== Brief ==
When you write out the records, keep every word exact and drop the pictures.

== Records provided ==
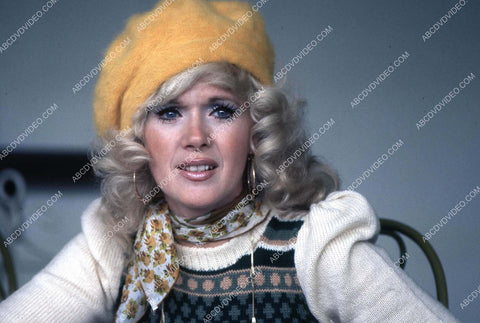 Connie Stevens in a fuzzy yellow hat 35m-17031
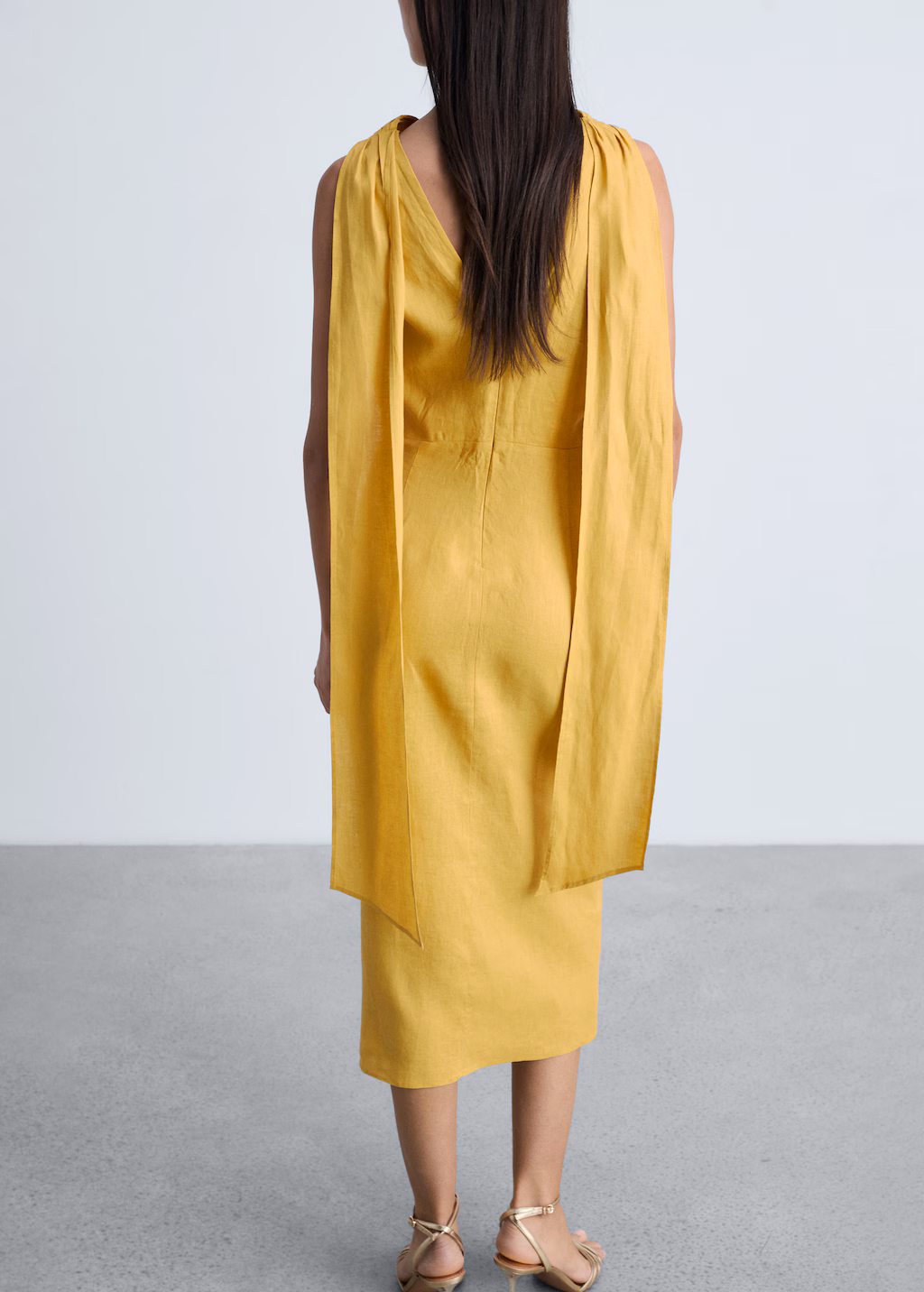 Linen pleated midi-dress - Mustard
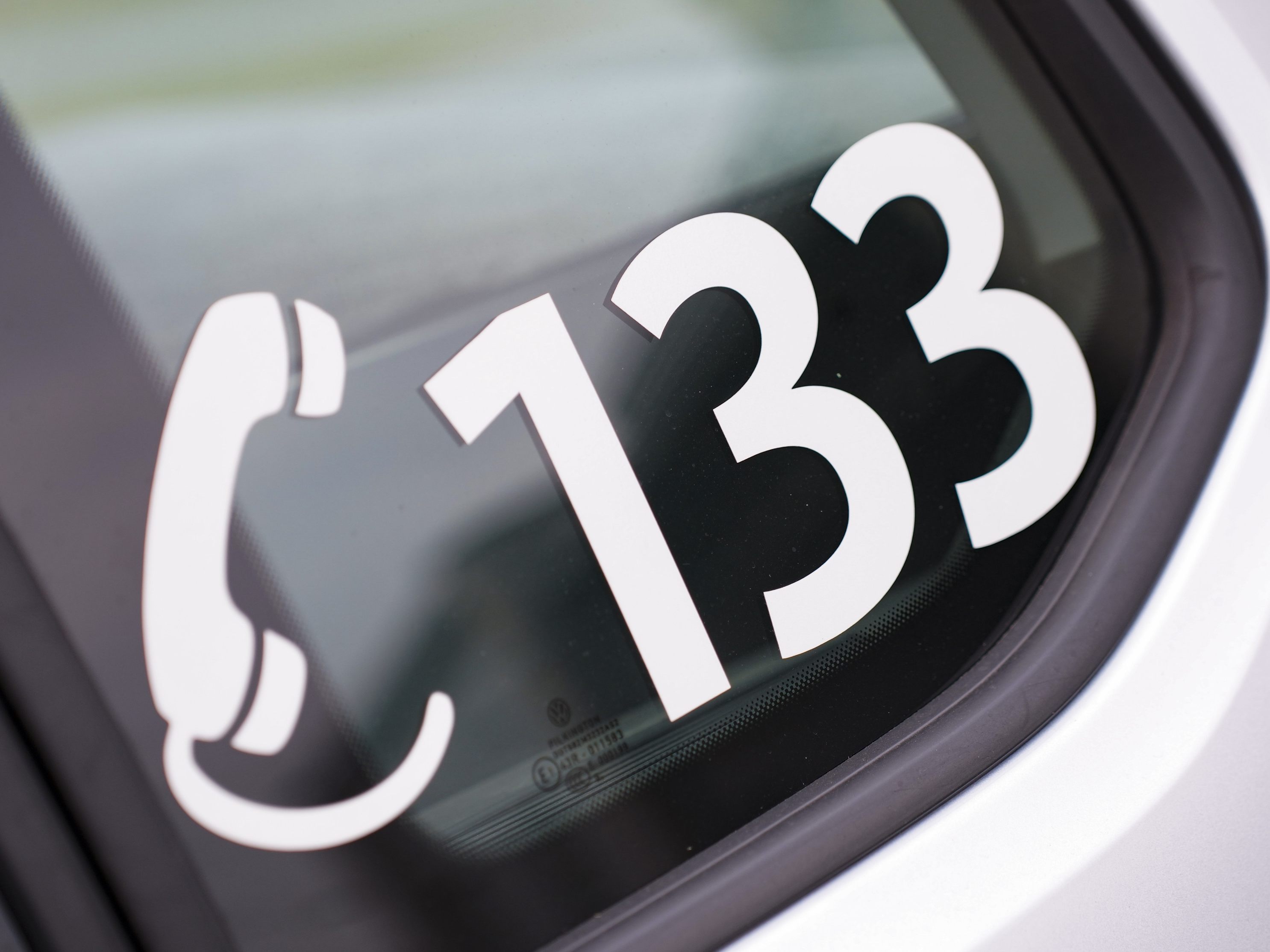Ein Trio soll einen 21-Jährigen mit Messern am Kopf verletzt haben.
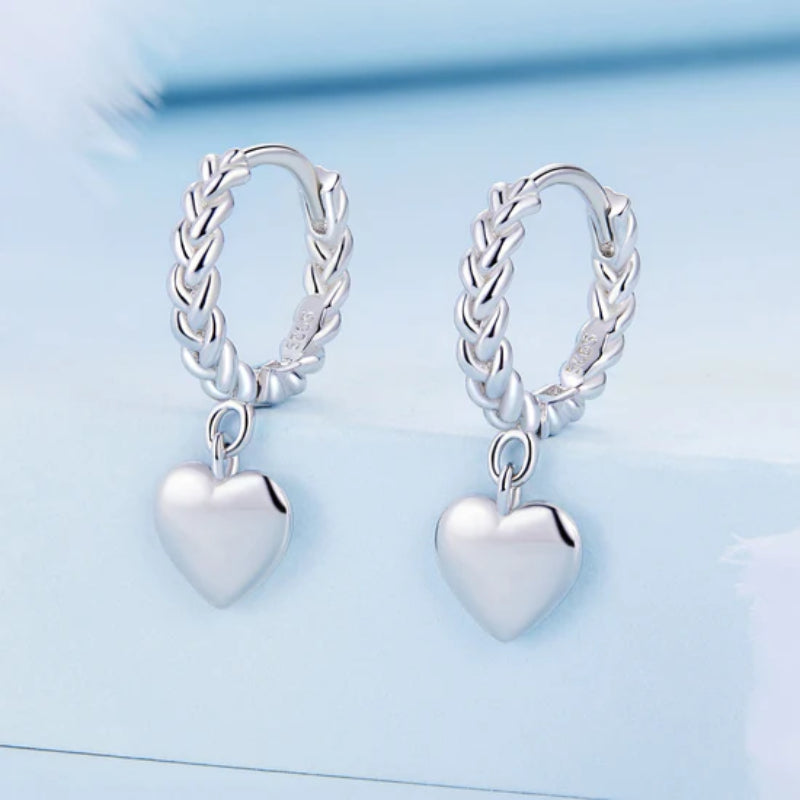 حلق فضة عيار 925 متدلّي بدلاية قلب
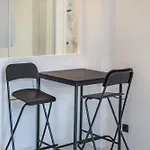 Le Rubis Apartment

== Expected answer ==
 Connie Stevens in a fuzzy yellow hat 35m-17031
 Linen pleated midi-dress - Mustard
Ein Trio soll einen 21-Jährigen mit Messern am Kopf verletzt haben.
 حلق فضة عيار 925 متدلّي بدلاية قلب
 Le Rubis Apartment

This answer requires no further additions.